*Instructions for the task*. Write out again, exactly as they appear, the lines from the start of the data below through the line with "Duscharmatur Komplettset mit"; no pictures.

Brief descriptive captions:
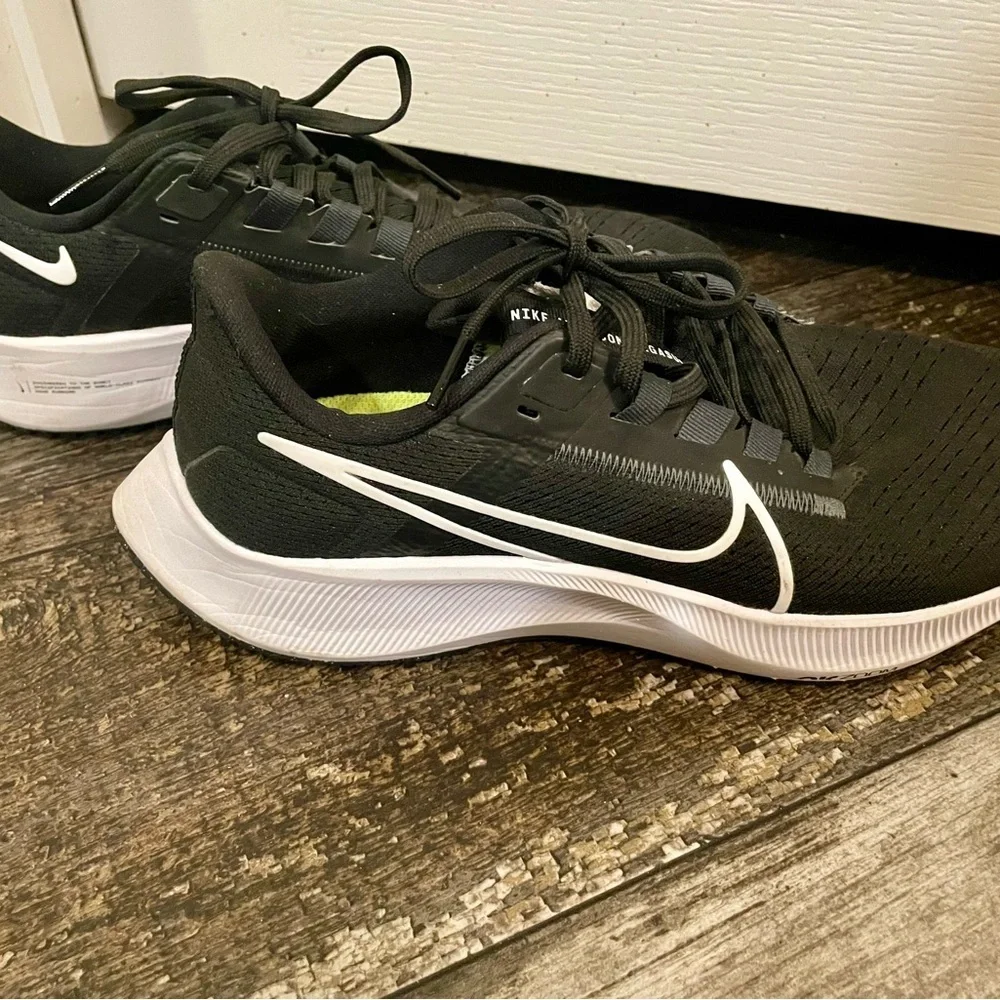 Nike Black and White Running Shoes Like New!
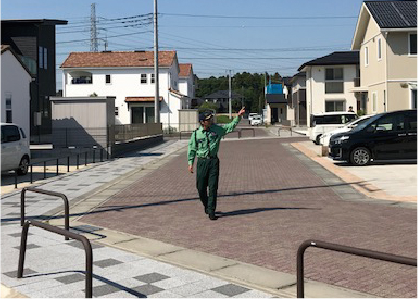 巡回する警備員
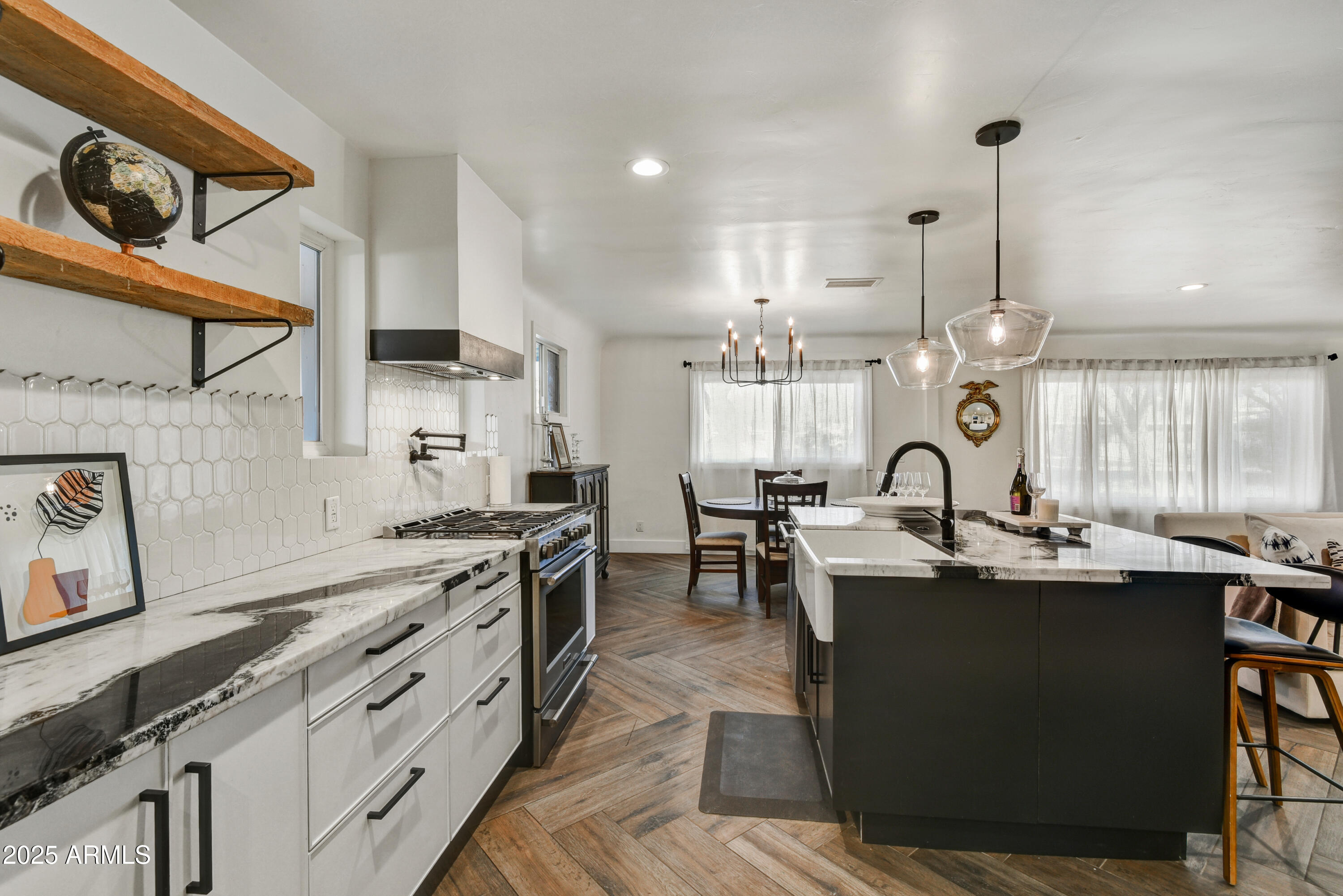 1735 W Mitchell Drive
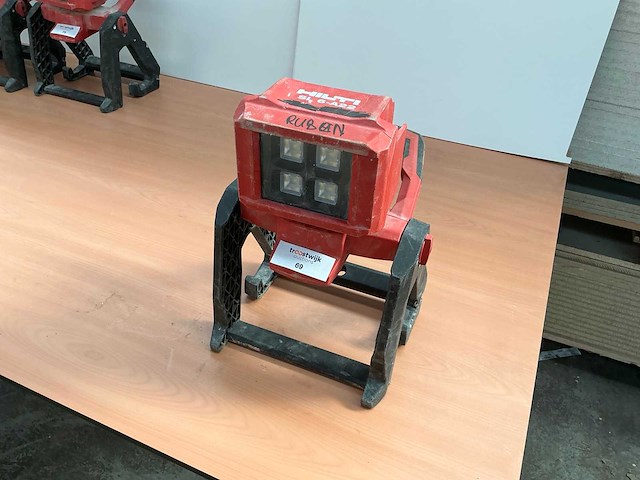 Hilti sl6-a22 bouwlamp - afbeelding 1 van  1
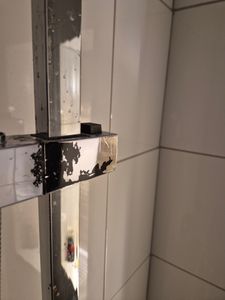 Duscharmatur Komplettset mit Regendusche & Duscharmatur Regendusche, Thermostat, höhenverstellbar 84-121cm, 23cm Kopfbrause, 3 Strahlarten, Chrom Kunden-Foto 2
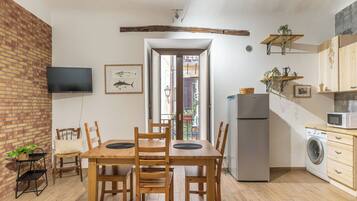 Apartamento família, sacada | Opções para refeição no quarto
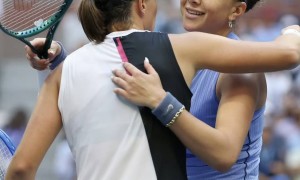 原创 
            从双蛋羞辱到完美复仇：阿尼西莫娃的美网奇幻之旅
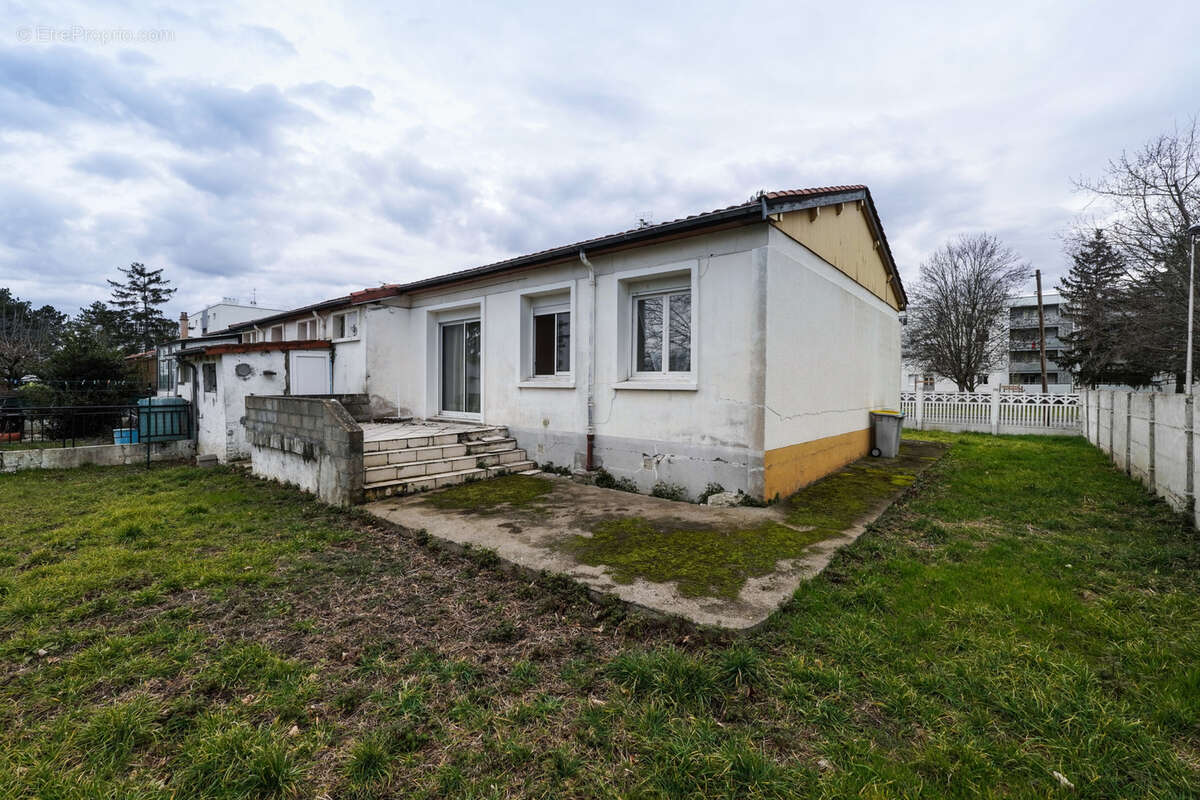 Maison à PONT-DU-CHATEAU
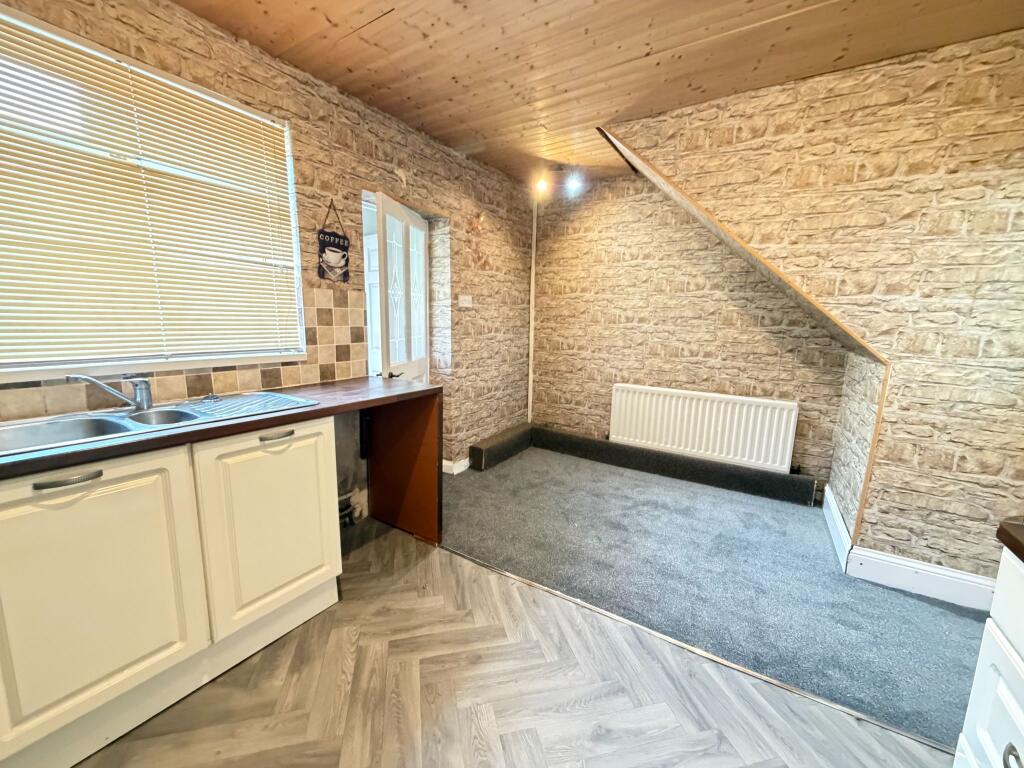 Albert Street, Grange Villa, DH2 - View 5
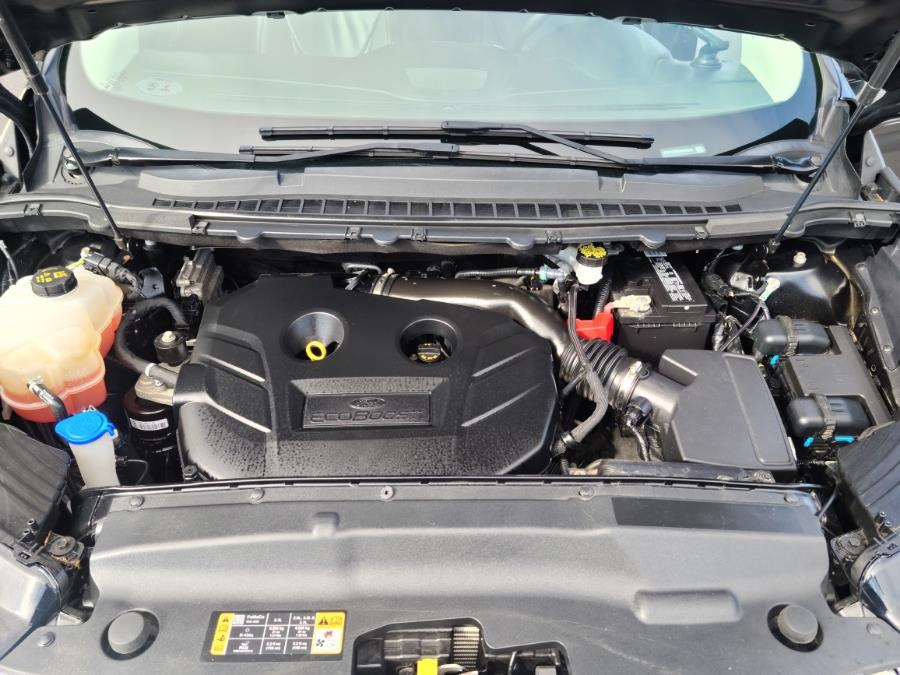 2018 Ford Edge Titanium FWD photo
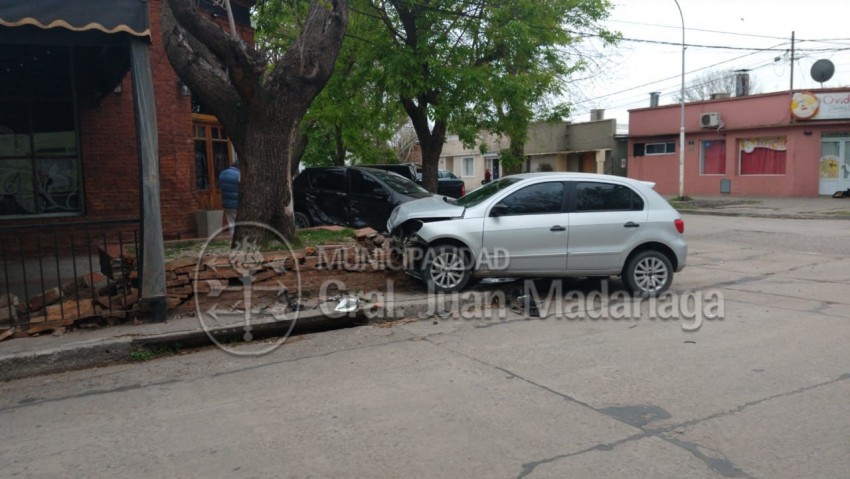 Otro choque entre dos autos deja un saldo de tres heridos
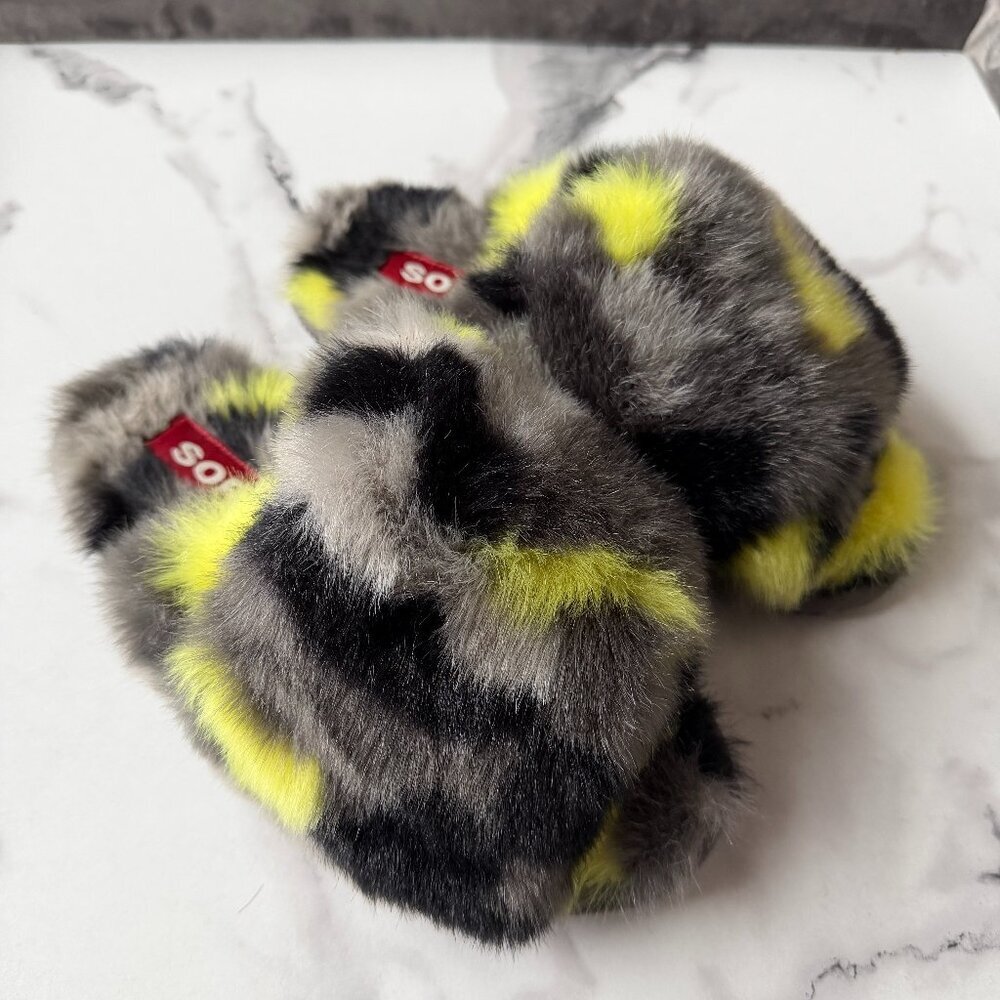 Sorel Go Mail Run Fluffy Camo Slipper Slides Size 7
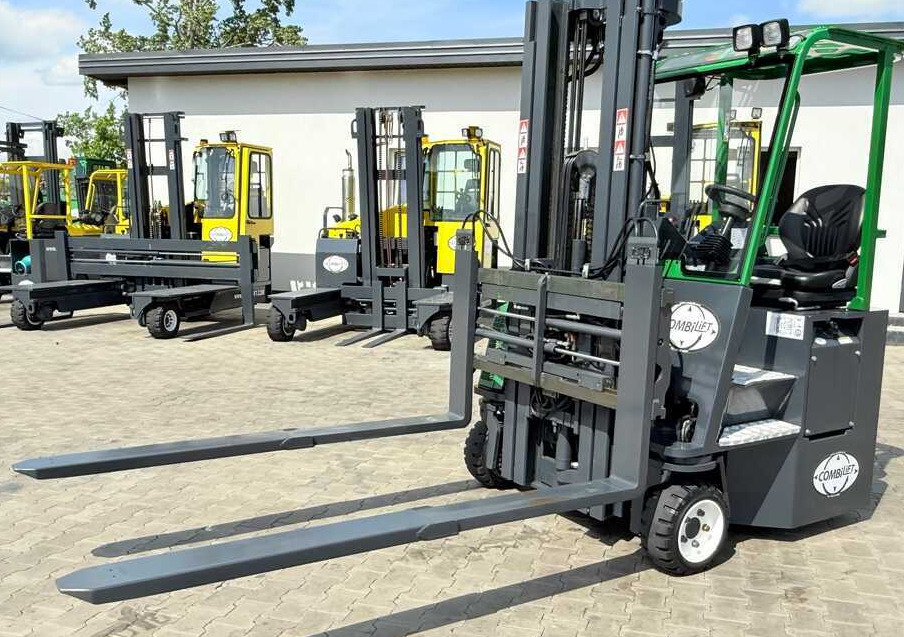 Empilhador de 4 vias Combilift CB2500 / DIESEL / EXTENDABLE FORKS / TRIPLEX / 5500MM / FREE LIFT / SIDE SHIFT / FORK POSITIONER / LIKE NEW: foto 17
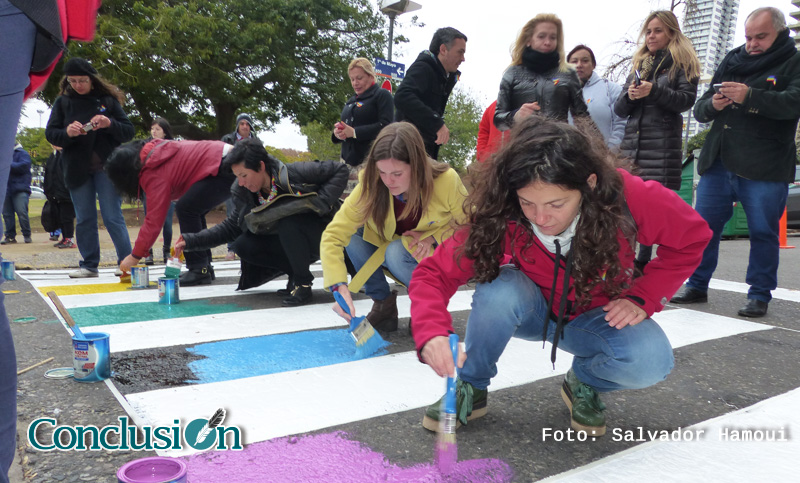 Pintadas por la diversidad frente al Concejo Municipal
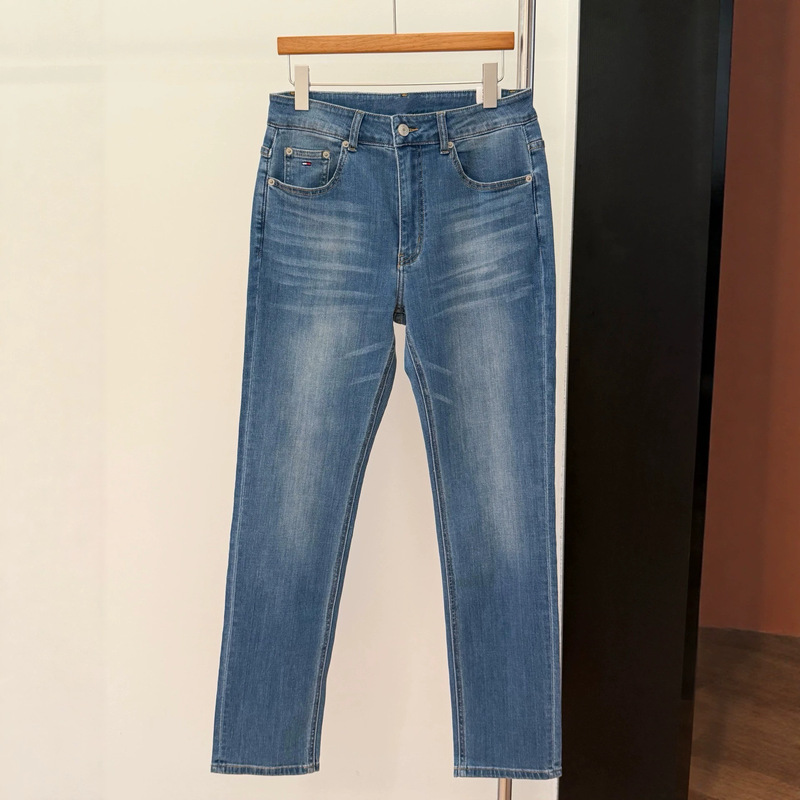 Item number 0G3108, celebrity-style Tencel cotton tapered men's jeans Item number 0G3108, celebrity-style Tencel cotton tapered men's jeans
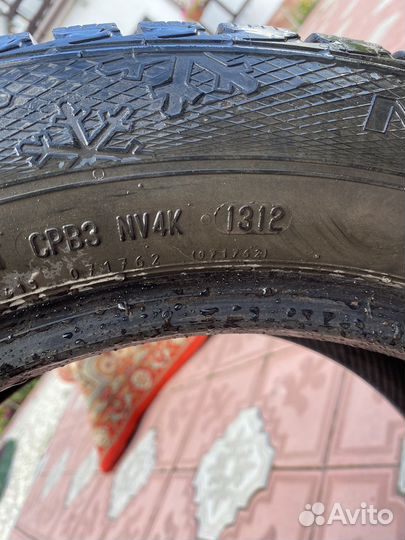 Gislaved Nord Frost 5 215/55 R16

*Finished exercise*.
 Nike Black and White Running Shoes Like New!
 巡回する警備員
 1735 W Mitchell Drive
 Hilti sl6-a22 bouwlamp - afbeelding 1 van  1
 Duscharmatur Komplettset mit Regendusche & Duscharmatur Regendusche, Thermostat, höhenverstellbar 84-121cm, 23cm Kopfbrause, 3 Strahlarten, Chrom Kunden-Foto 2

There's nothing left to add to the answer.